I agree some things here aren't backed up, and there are half-truths. The guy says he's going to list bugs, then he really doesn't, he just bitches in bulletpoint form.
HOWEVER: He's totally right about everything behind all this. Apple is really fucking up OS X, and clearly it has no desire to keep any users that don't see their iMac as a giant iPhone.
My wife just got a brand new MacBook, and I was disgusted by the way the OS behaves now. There's NO way to get to the hard drive: they just hide everything and give you Documents, Pictures, etc.... The OS itself has removed hot keys and functionality in favor of "ease of use" but really, it's just being dumbed down.

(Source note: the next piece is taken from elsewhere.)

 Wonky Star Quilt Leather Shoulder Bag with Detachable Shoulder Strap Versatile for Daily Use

The Mac OS was always for casuals, but when they added Unix, it changed and both casual and hardcore could love the same OS. But clearly the hardcore are no longer of any interest to Apple. It's a real shame because the Mac OS was very stable and useable for many years. Now, it's just a toy.
Oh, and Apple changed it so you need an Appstore account to update software. Real pain in the dick.

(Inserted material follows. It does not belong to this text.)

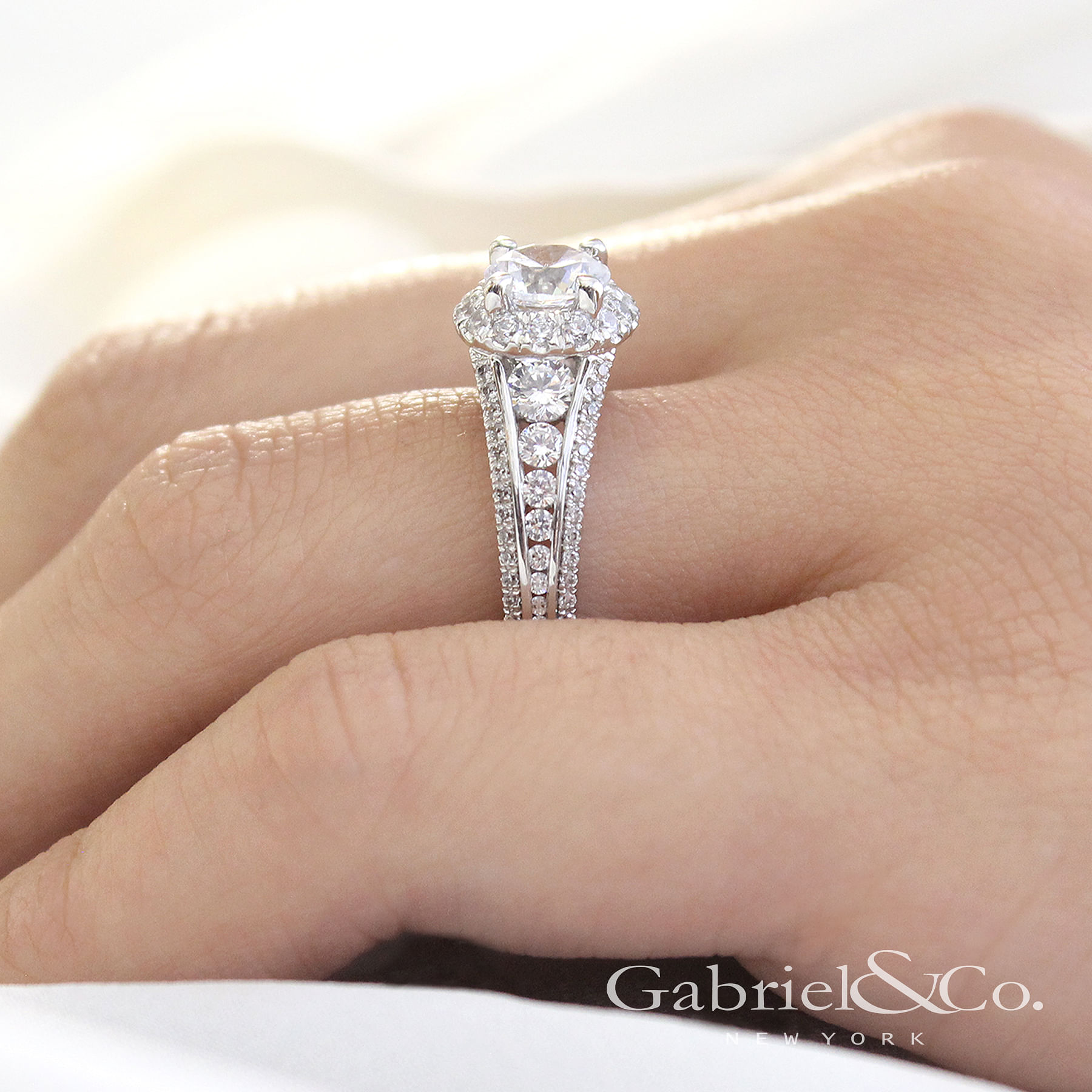 14K White Gold Round Halo Diamond Channel Set Engagement Ring angle 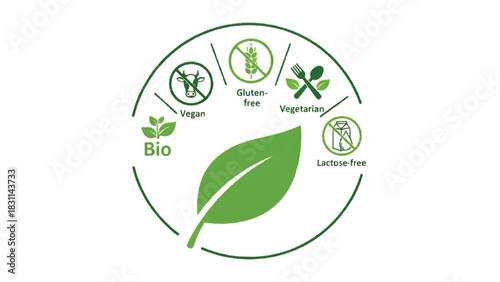 Organic Food Symbols and Leaf Illustration.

And finally, Apple doesn't need ZFS, necessarily. They need a standardized FS though. HFS+ is ghetto, and a drive formatted HFS+ is essentially useless to any other type of machine.

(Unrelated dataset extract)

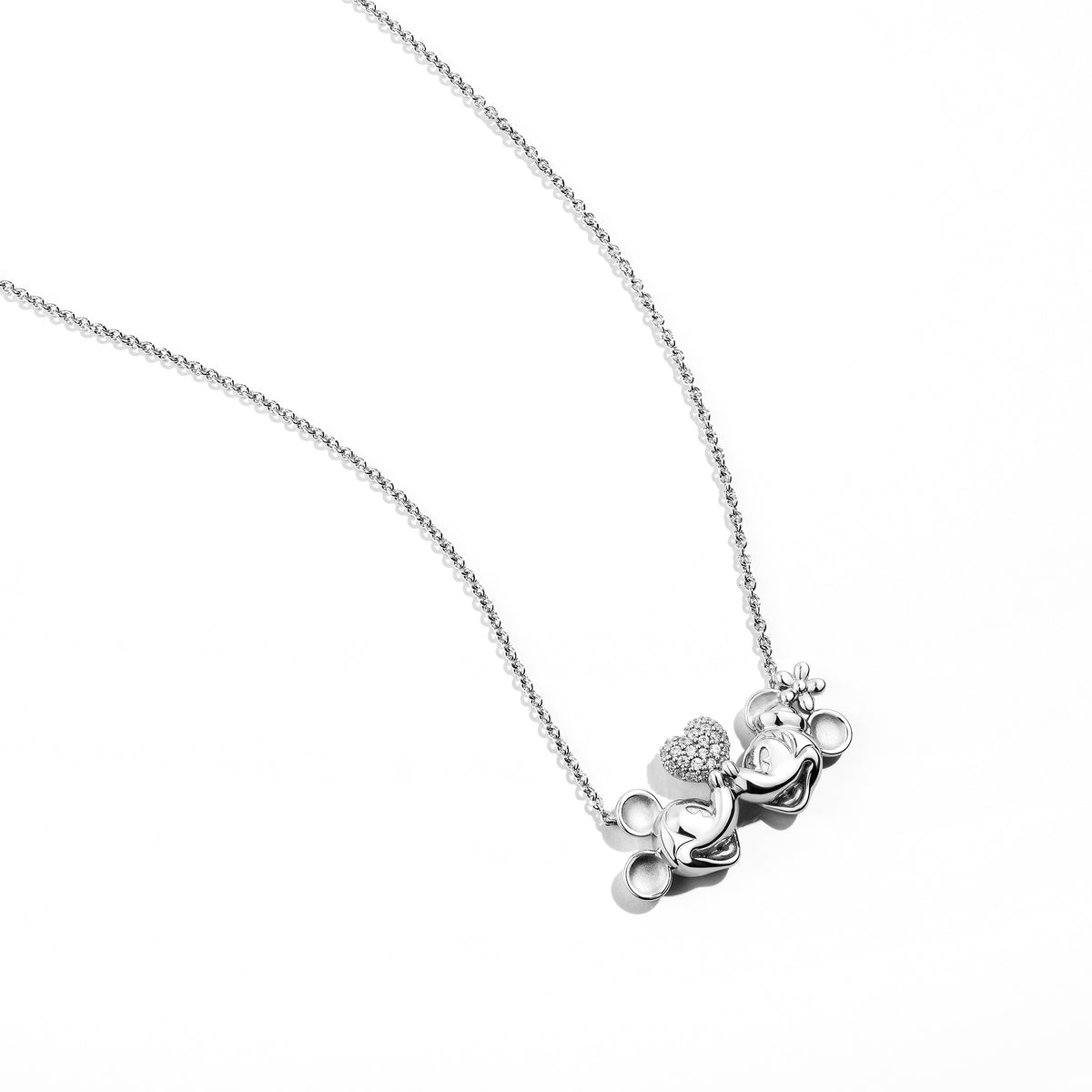 Disney Jewels Sterling Silver with 1/5 CTTW Diamonds, Disney's Mickey Mouse and Minnie Mouse Heart Necklace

> The guy says he's going to list bugs, then he really doesn't, he just bitches in bulletpoint form.
Did you miss the pages following the first? He provides numerous specific examples. He even says in the original article (though it's easy to miss, which makes me think you missed it):
"The pages that follow are those personally encountered— not 3rd party reports."
I completely agree with some of what you're saying but it's criticisms like "There's NO way to get to the hard drive: they just hide everything and give you Documents, Pictures, etc...." that seem misguided: of course you should hide the inner workings of the OS from the average user, but it's absolutely trivial for anybody to see their hard drive if they want to (including hidden files). The easiest of which doesn't require any advanced knowledge, but is just a matter of going into Finder preferences and checking "Show these items on the desktop: [] Hard disks"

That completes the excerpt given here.